=== Section Start ===

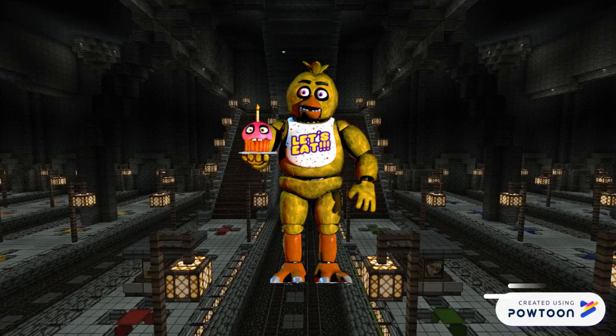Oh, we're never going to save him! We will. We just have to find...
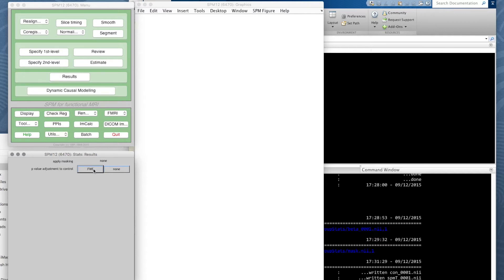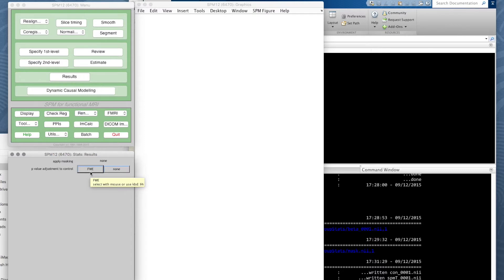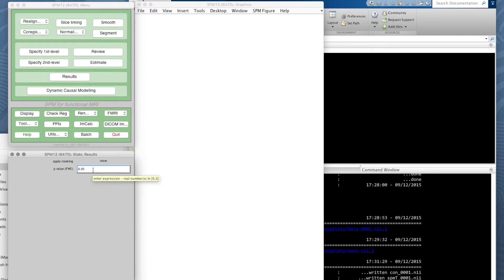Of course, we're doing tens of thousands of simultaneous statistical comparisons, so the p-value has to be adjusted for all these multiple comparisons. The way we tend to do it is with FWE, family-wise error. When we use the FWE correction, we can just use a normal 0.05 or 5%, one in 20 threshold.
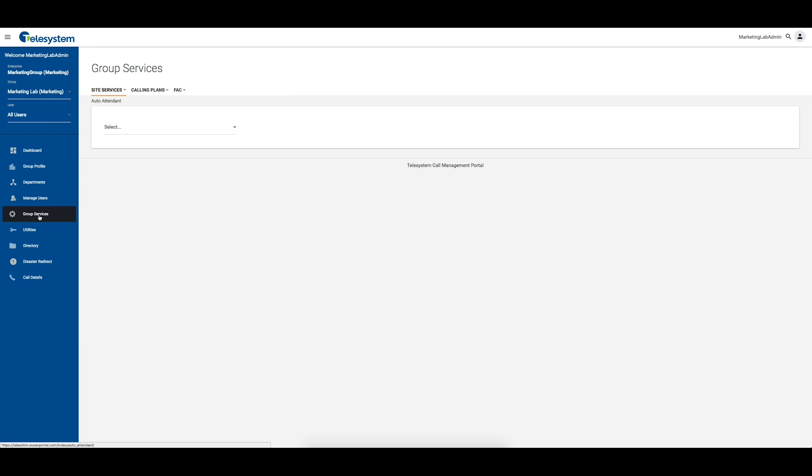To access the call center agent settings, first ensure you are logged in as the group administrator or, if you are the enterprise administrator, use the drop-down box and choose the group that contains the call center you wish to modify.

=== Section End ===
=== Section Start ===

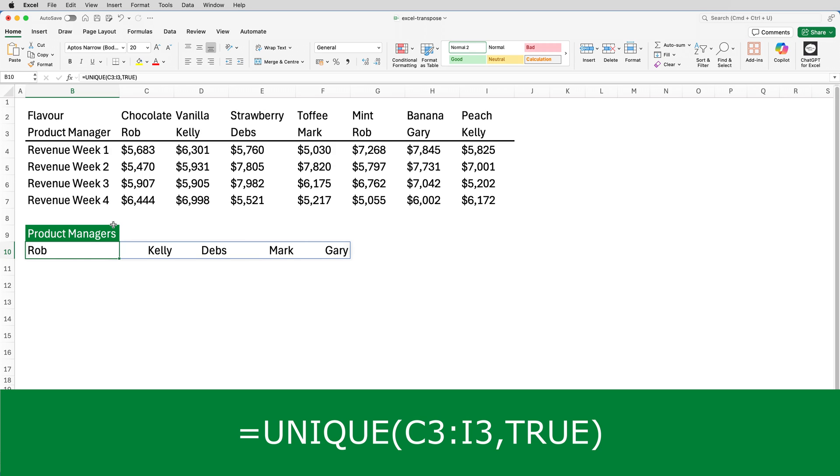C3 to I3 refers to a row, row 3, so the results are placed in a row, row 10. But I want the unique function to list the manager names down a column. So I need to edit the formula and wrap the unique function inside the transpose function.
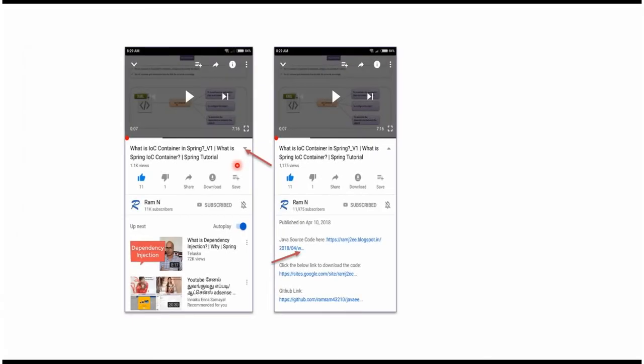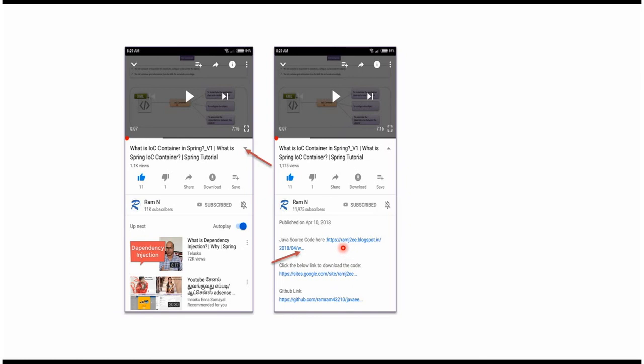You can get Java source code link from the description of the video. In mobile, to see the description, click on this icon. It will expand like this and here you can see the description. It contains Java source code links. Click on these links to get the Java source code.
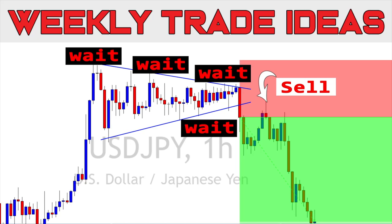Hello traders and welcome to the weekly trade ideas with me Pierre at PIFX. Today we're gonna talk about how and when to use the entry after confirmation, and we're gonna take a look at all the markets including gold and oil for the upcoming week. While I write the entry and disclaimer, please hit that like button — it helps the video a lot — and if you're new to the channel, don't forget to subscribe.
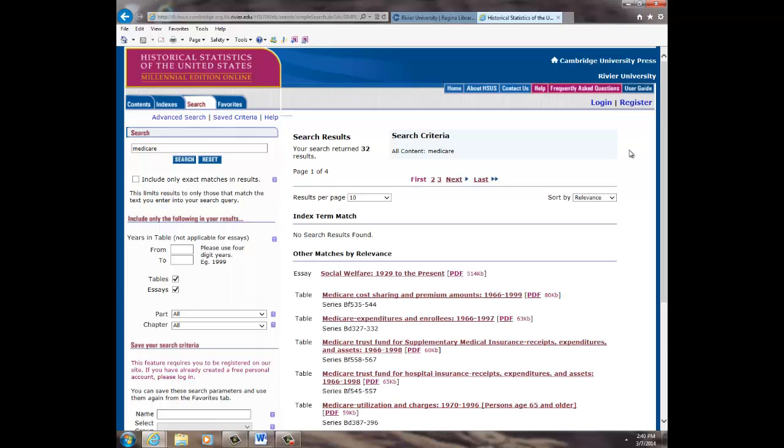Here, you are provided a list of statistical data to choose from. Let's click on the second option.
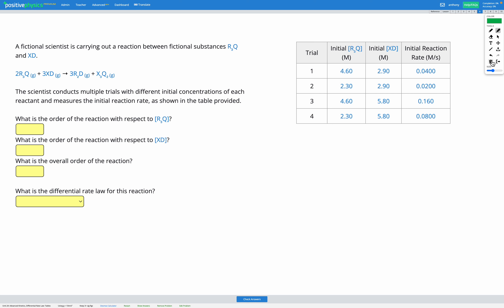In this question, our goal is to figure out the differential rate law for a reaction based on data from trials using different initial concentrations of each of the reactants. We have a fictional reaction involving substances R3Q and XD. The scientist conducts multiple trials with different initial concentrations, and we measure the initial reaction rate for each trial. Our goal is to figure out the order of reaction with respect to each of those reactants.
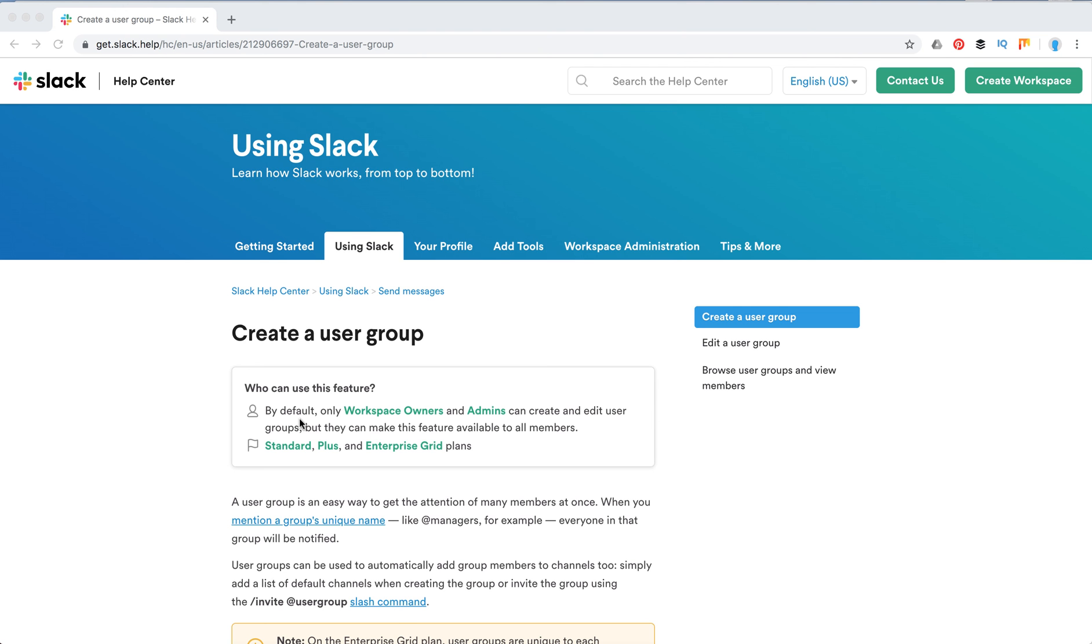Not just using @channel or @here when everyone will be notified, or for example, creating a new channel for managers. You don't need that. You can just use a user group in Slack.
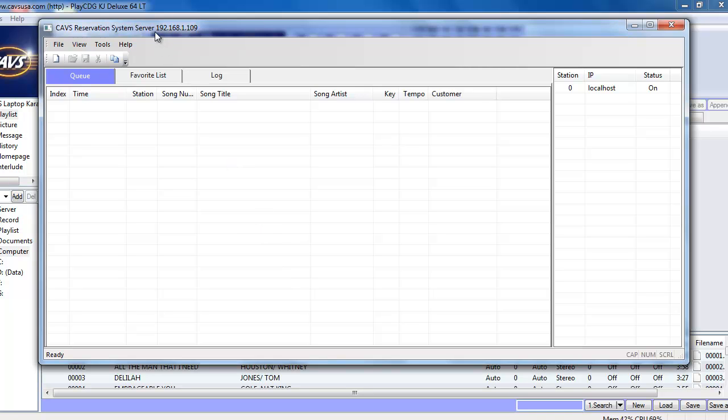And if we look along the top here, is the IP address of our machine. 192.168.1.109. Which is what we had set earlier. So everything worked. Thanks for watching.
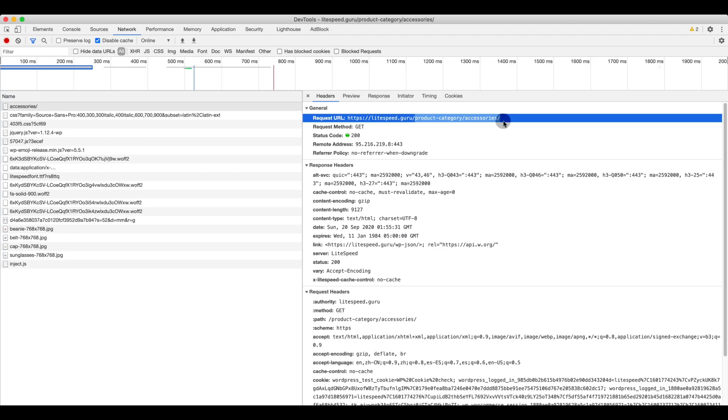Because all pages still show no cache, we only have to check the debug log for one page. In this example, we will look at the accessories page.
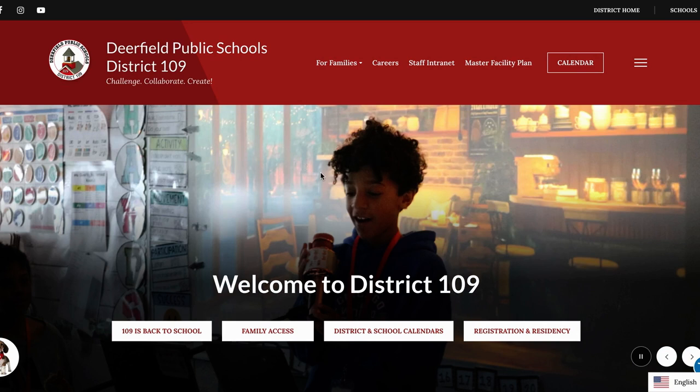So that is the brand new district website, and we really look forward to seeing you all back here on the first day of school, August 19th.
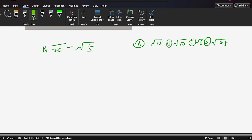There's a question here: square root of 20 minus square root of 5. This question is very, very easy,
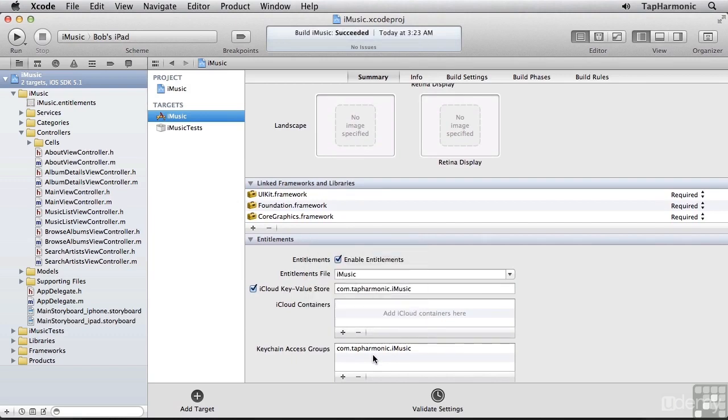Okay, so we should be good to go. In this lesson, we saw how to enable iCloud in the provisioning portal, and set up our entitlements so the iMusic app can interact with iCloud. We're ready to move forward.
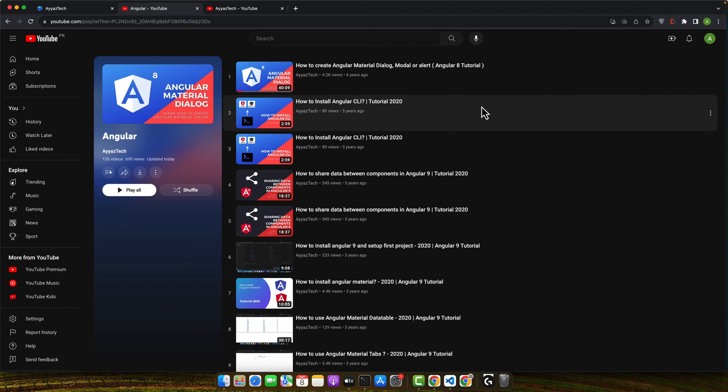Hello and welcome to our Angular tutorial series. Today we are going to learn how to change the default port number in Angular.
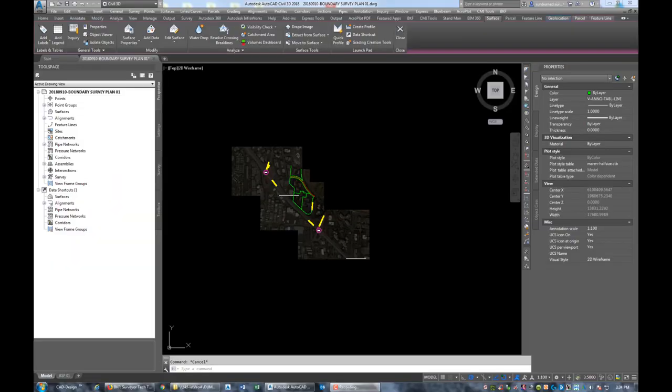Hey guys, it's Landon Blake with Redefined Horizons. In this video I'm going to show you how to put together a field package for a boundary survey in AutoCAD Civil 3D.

=== Section End ===

Exercise description>
From the listing above, restate verbatim the lines running from the one with "Not just using" through the one with "Because all pages", inclusive, but not the pictures.

Output>
Not just using @channel or @here when everyone will be notified, or for example, creating a new channel for managers. You don't need that. You can just use a user group in Slack.
And if we look along the top here, is the IP address of our machine. 192.168.1.109. Which is what we had set earlier. So everything worked. Thanks for watching.
Because all pages still show no cache, we only have to check the debug log for one page. In this example, we will look at the accessories page.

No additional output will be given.